What is needed:
Leave out pictures; repeat exactly the lines from the "фото отеля Wildwood Inn (Florida)" line through the last of the data below.
————————
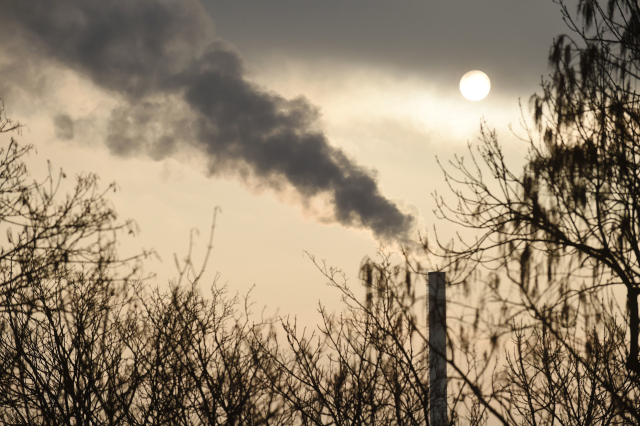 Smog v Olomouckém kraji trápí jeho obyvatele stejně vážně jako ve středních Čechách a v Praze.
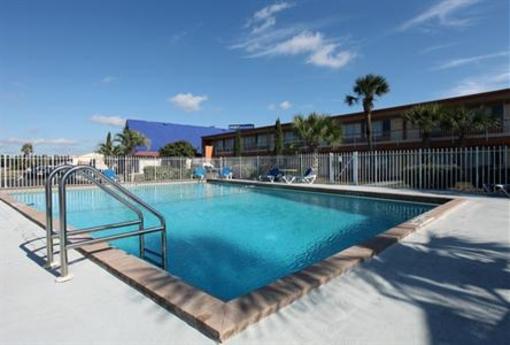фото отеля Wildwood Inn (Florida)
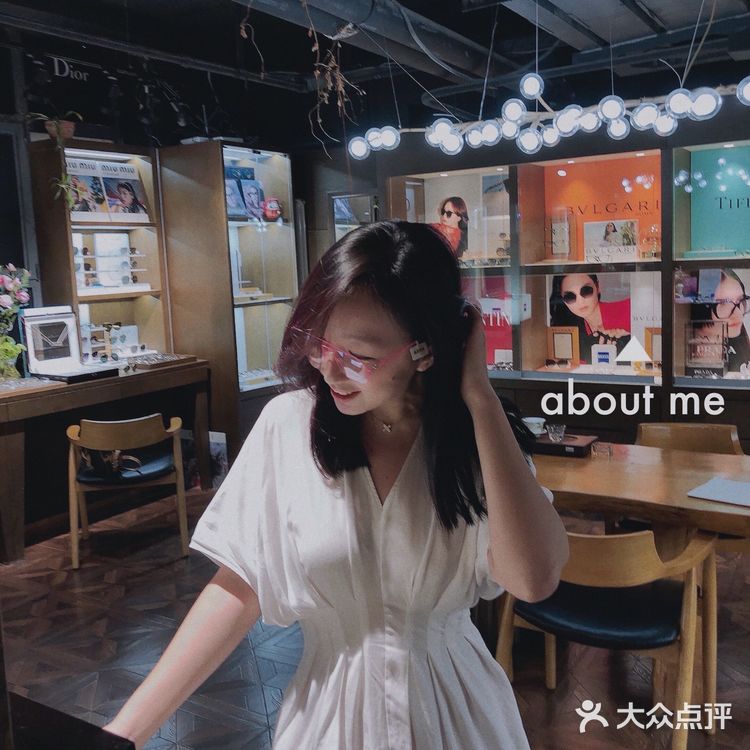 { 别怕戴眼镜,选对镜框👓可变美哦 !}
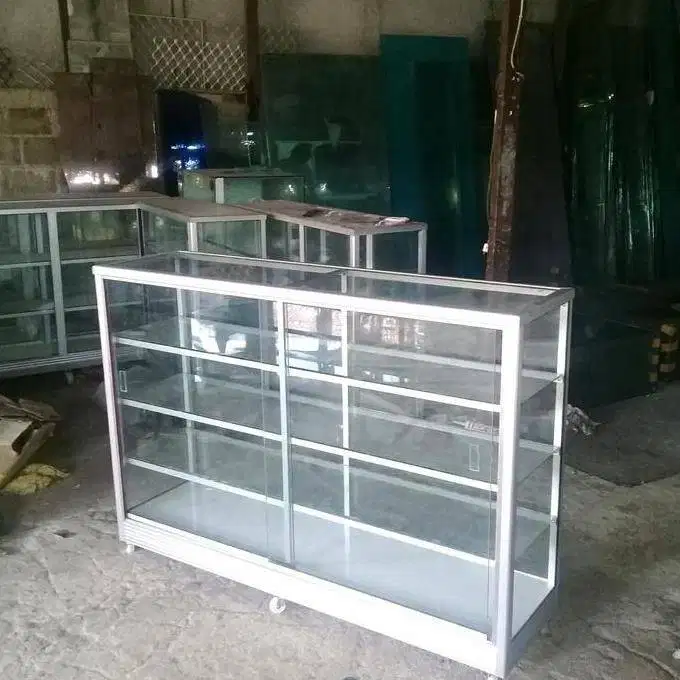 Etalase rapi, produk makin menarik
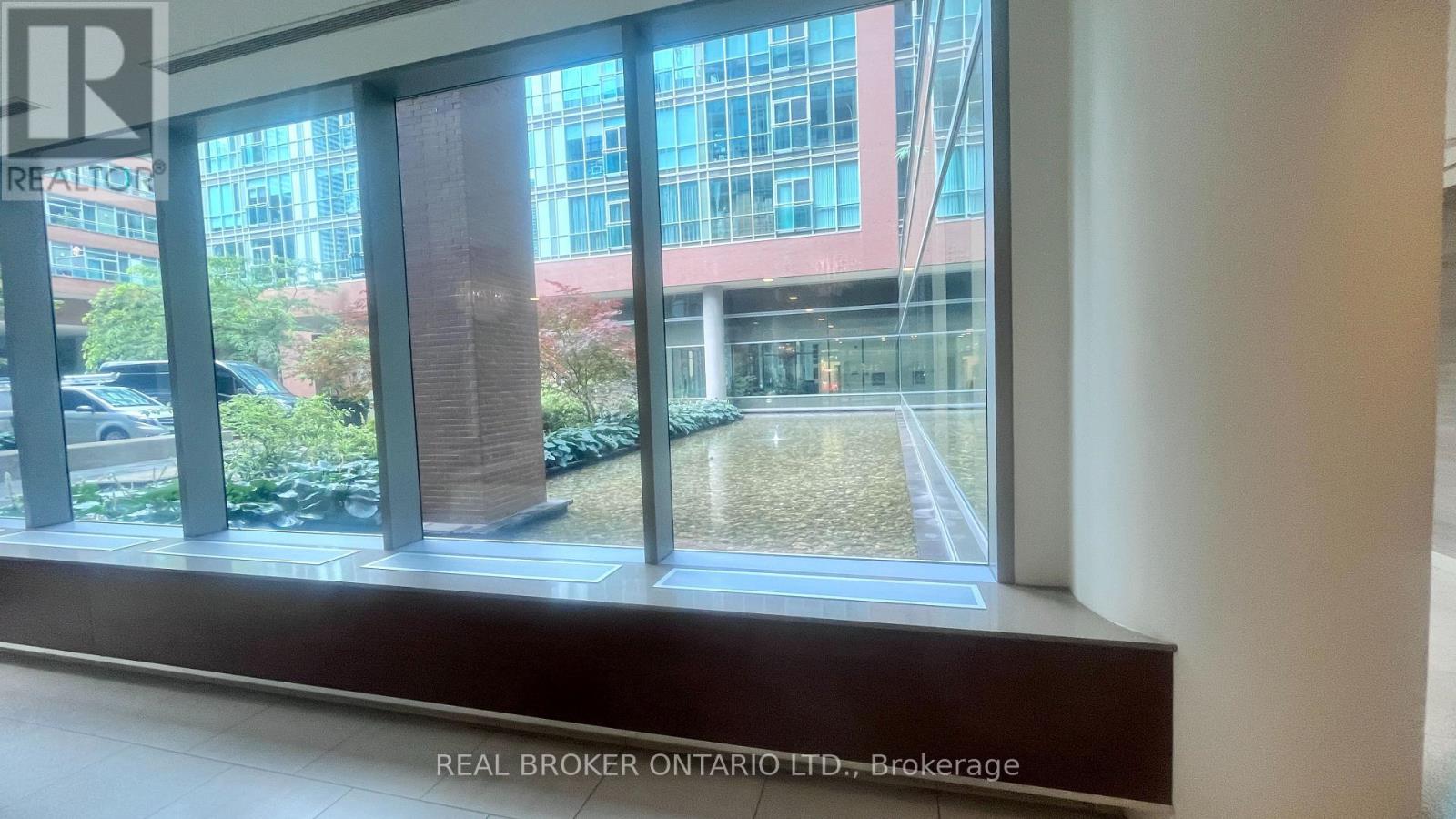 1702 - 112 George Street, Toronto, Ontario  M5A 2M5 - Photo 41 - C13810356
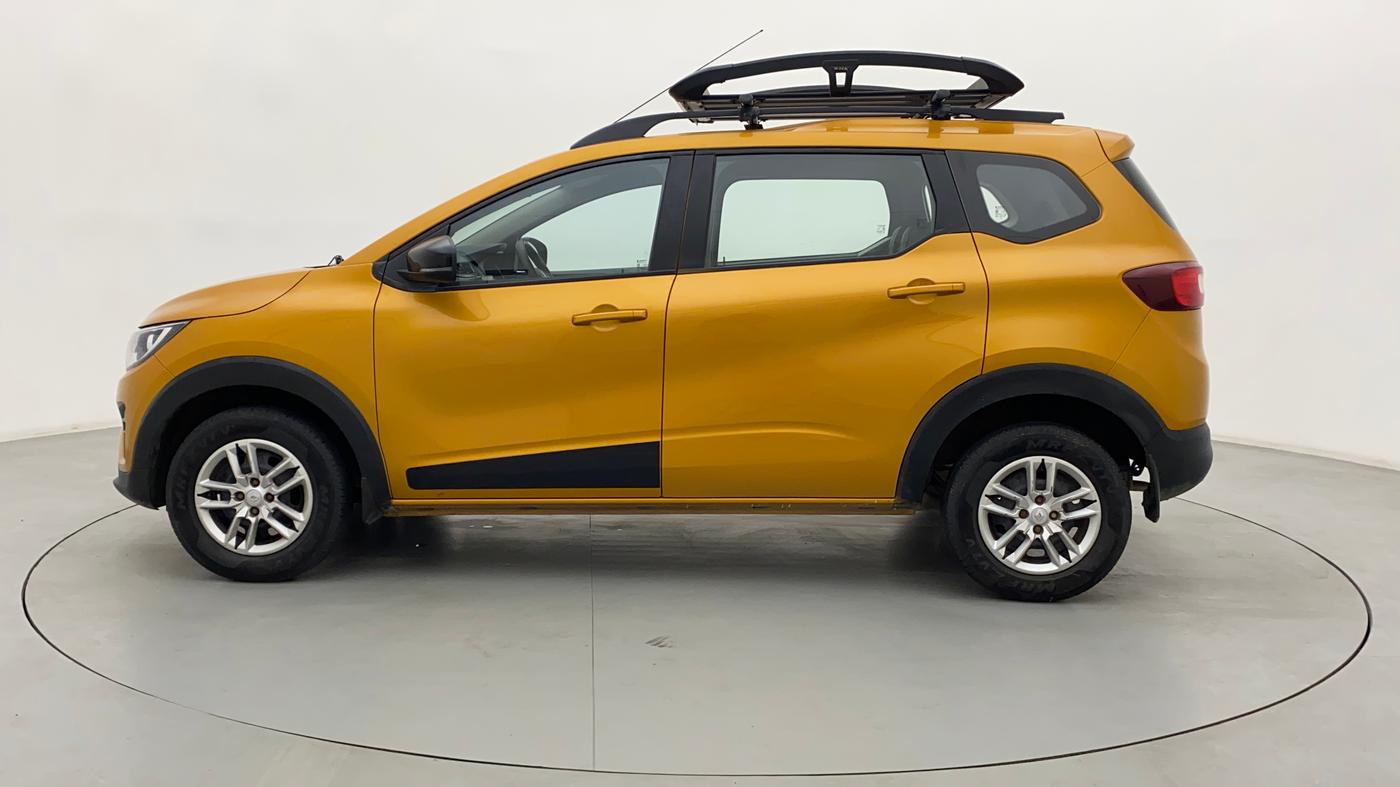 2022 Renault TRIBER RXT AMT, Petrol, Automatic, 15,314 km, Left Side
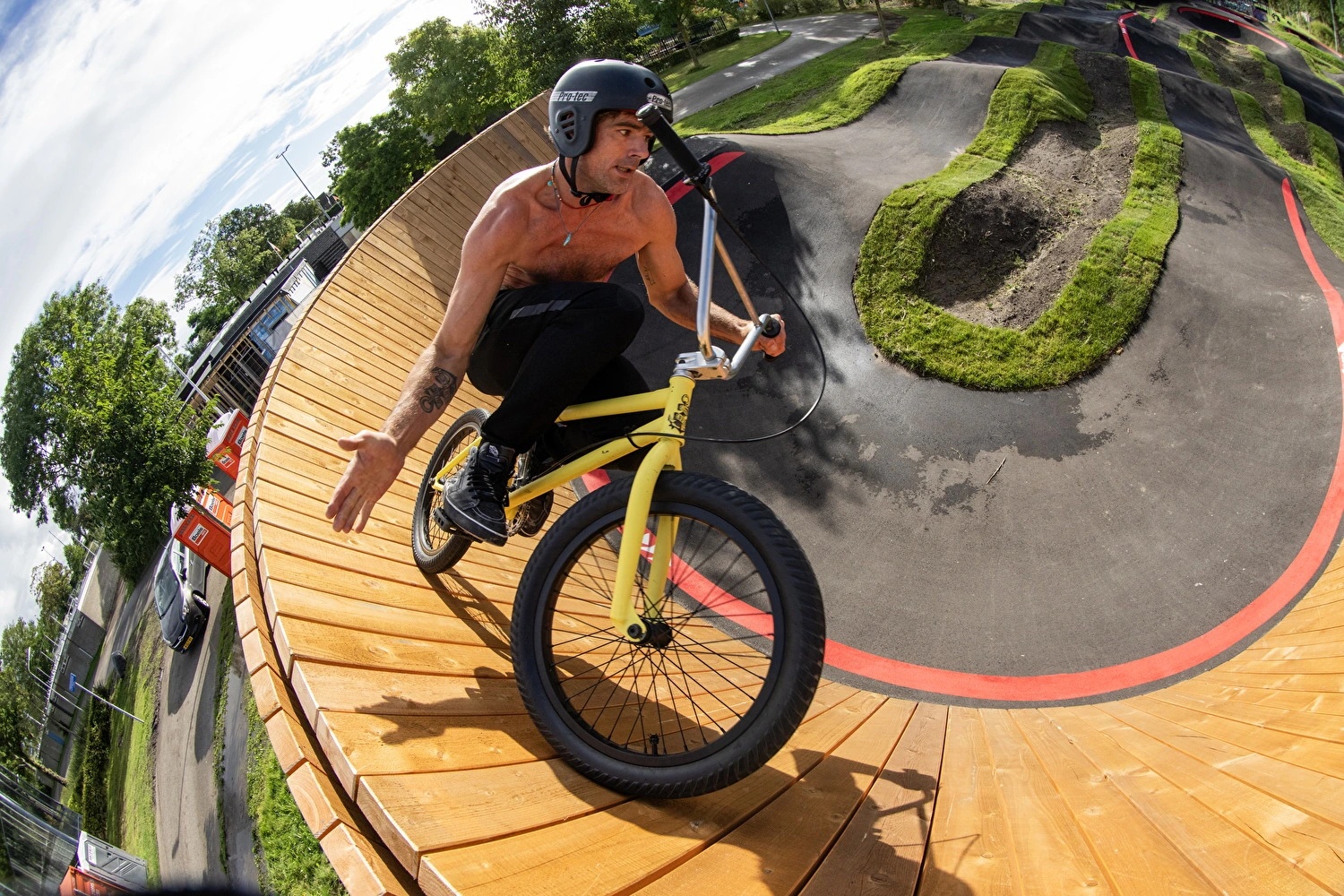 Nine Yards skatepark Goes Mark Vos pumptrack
————————
Result of the task:
фото отеля Wildwood Inn (Florida)
 { 别怕戴眼镜,选对镜框👓可变美哦 !}
 Etalase rapi, produk makin menarik
 1702 - 112 George Street, Toronto, Ontario  M5A 2M5 - Photo 41 - C13810356
 2022 Renault TRIBER RXT AMT, Petrol, Automatic, 15,314 km, Left Side
 Nine Yards skatepark Goes Mark Vos pumptrack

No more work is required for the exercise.